At a club whose scope for reinforcements is limited by their Basque-only policy, there can often be space for players who had previously been on the fringes to find a spot in the starting XI as others move on or regulars begin to succumb to the effects of ageing. This season, it looks like that will be the case for Unai López. After a couple of years out on loan and limited minutes back at Athletic last season, the 23-year-old has started in midfield alongside Dani García (another whom Garitano previously coached at Eibar) in both of the club’s home matches. In those limited minutes last season, López showed signs of being an able ball progressor. Whether that will prove to be such a valuable skill if the ball progression emphasis falls to the fullbacks this season is clearly a point to consider, but López also provides a bit more mobility than Beñat (the regular starter alongside García under Garitano last season) typically does in possession, dribbling more often and carrying the ball further. This is a good example from the derby. López picks the ball up just past the half way line, drives into space down the left and then neatly flicks the ball inside to Williams.

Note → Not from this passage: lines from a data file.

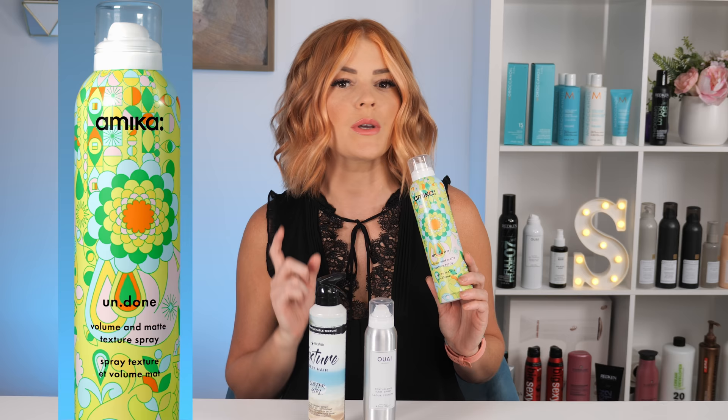Third in the lineup is Amika's Undone Volume and Matte Texture Spray. You can purchase it directly from their website or at Sephora. It's $25 and is 5.3 ounces. It's ideal on all hair types, creates a beachy texture, long-lasting volume, and leaves the hair with a matte finish. I'm a little meh on the matte finish, but I'm curious if it gives off a dull look or not.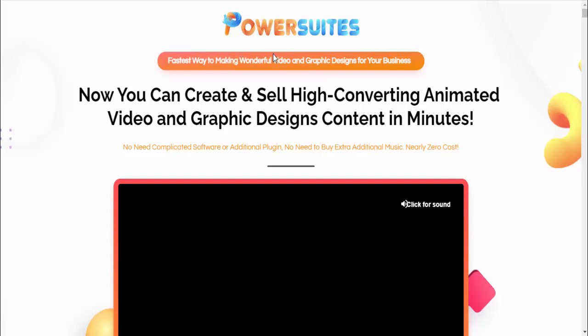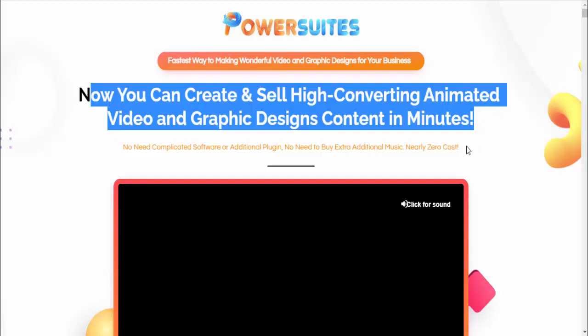Hello friends, welcome to my YouTube channel and welcome to my Power Suites create and resell high quality video in minutes review video. This is the fastest way to make wonderful video and graphic designs for your business. Now you can create and sell high converting animated video and graphic design content in minutes.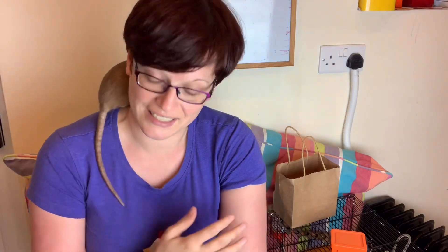Hi everyone and welcome to Isamu Rat Care. I thought I'd do a very quick video about preparing for surgery — when you've decided to get your rats surgery done and the kinds of things you need to think about.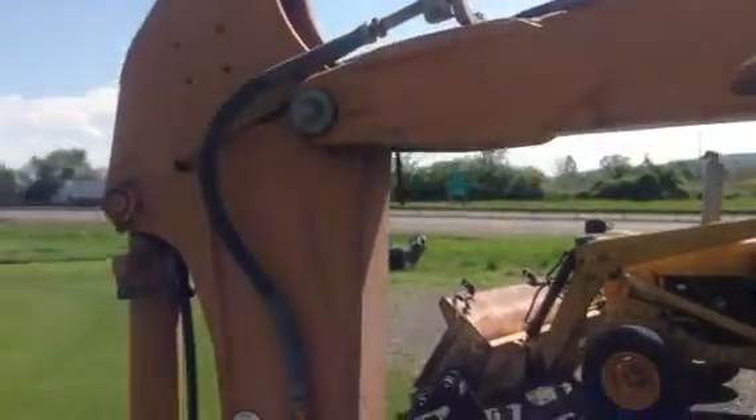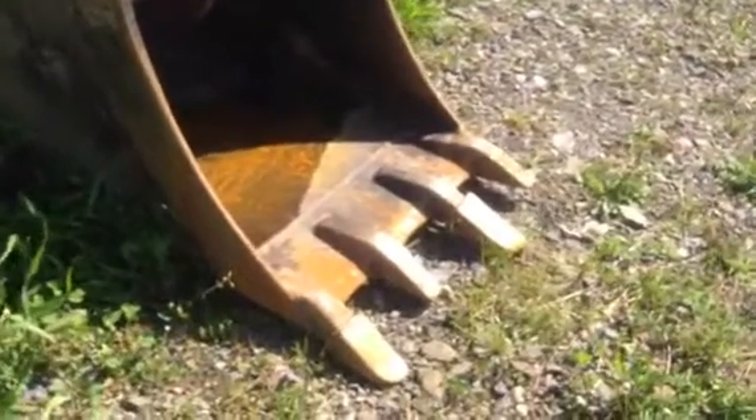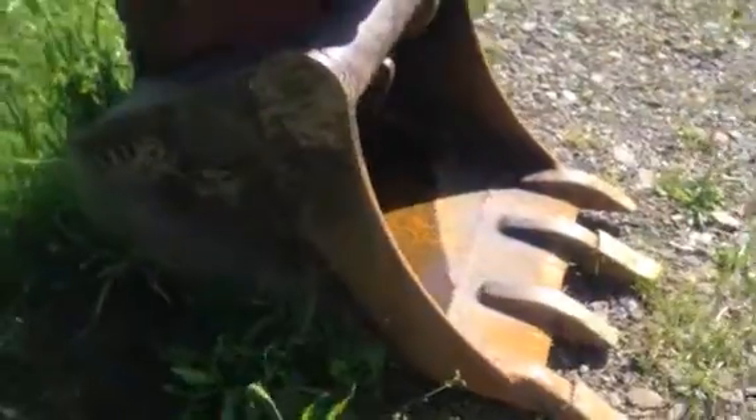Excuse the sunshine — beautiful day today here in upstate New York. Auxiliary hydraulics.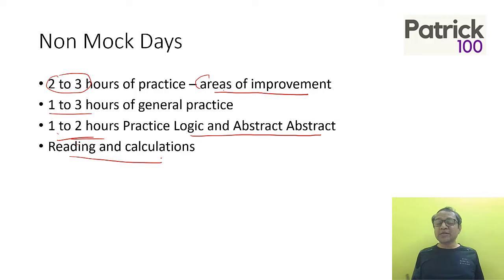The reason we practice logic and abstract regularly is because it normally improves with practice — the pattern remains in your mind. There's also a huge weightage: half the paper is logic and abstract reasoning. So automate, focus, and prepare on those.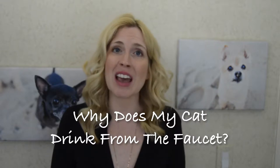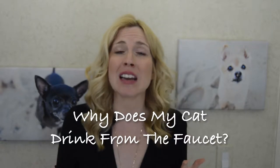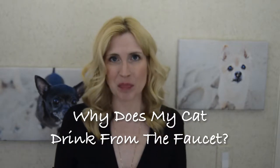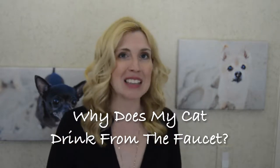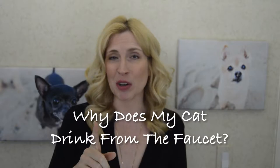Gail contacted me on Facebook the other day and asked: why does my cat only want to drink from the faucet and how do I get her to stop? It's simple really. Stick with me because in this video, I'm going to tell you what you can do to help your kitty out too.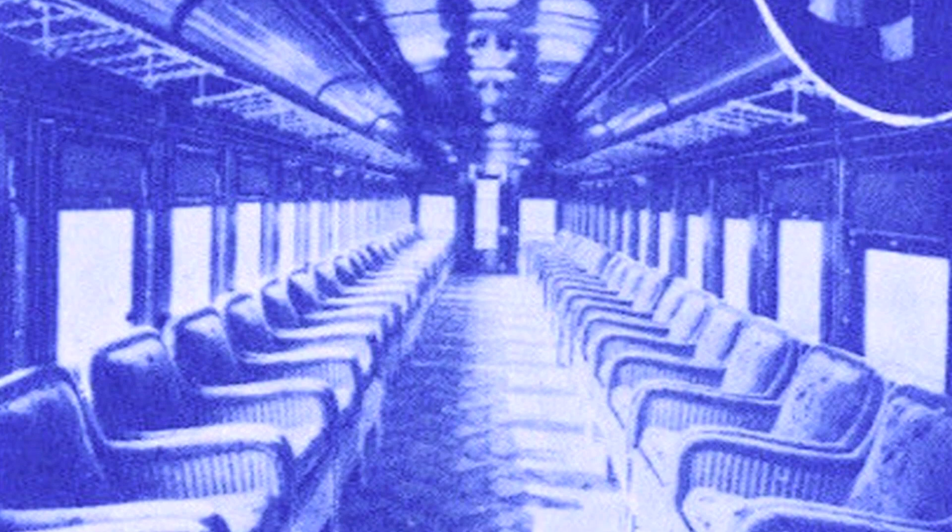The Blue Comet's real passenger cars were lavishly furnished. This photo shows the interior of the observation car — those chairs sure look comfy. What a nice way to go to the beach.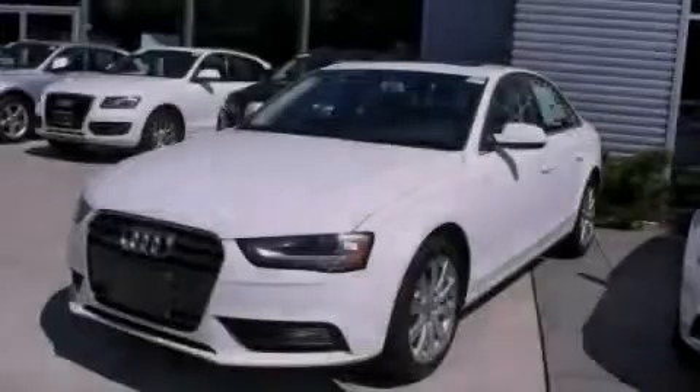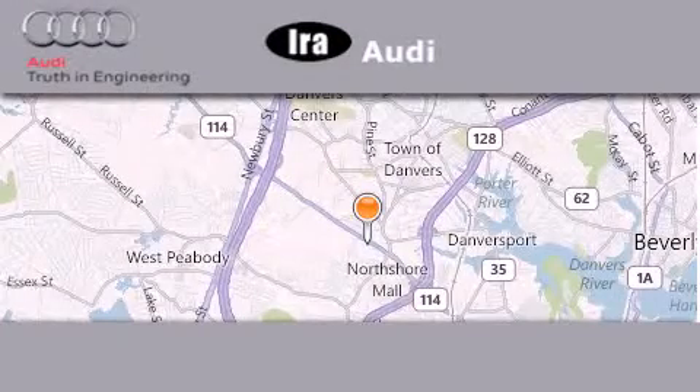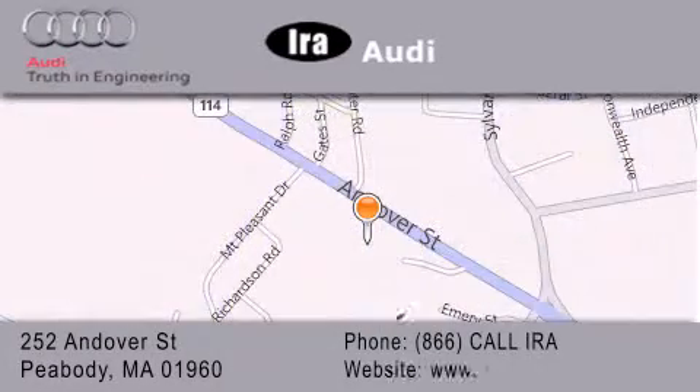Stop by today and test drive this automobile for yourself. Aira Audi is located at 252 Endover Street in Peabody. Our goal is to exceed all of your expectations to ensure that you'll return for future visits.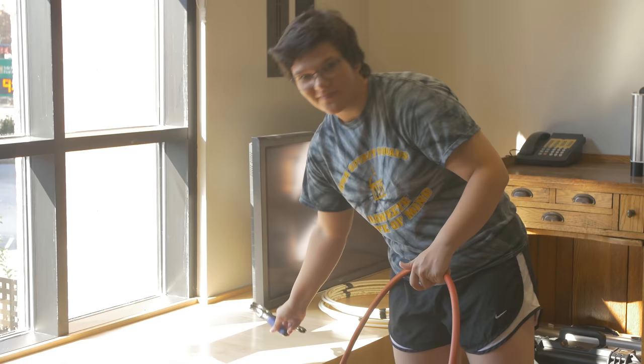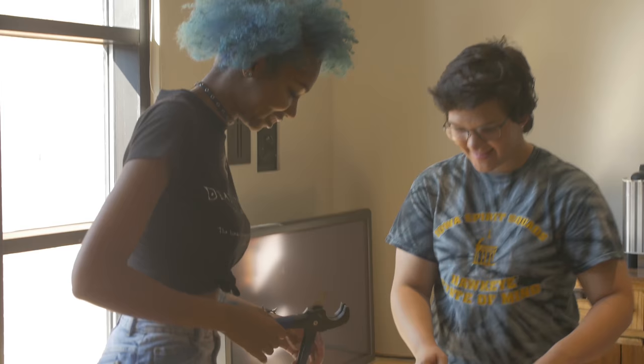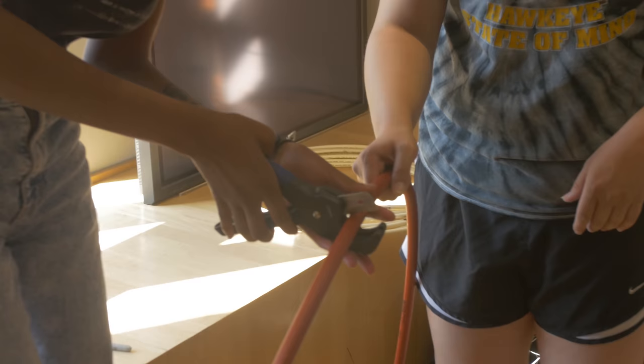Do you want to cut it? Yeah, I saw my hand here — I saw my hand here.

He also provided an example of his passing range with an expertly weighted diagonal switch out to Iñigo Cordoba in the build up to the second goal, scored with a nice chipped finish by Raúl Garcia — the battering ram with the subtle touch. There is also a feeling that the way López delivers set-pieces opens up a wider variety of routines from those situations than Beñat’s technique. There will certainly be matches, especially away from home, in which Garitano is likely to prefer the experience of Beñat or the physicality of Mikel San José (both of whom are out of contract next summer), but early displays suggest López could have an important role to play this season.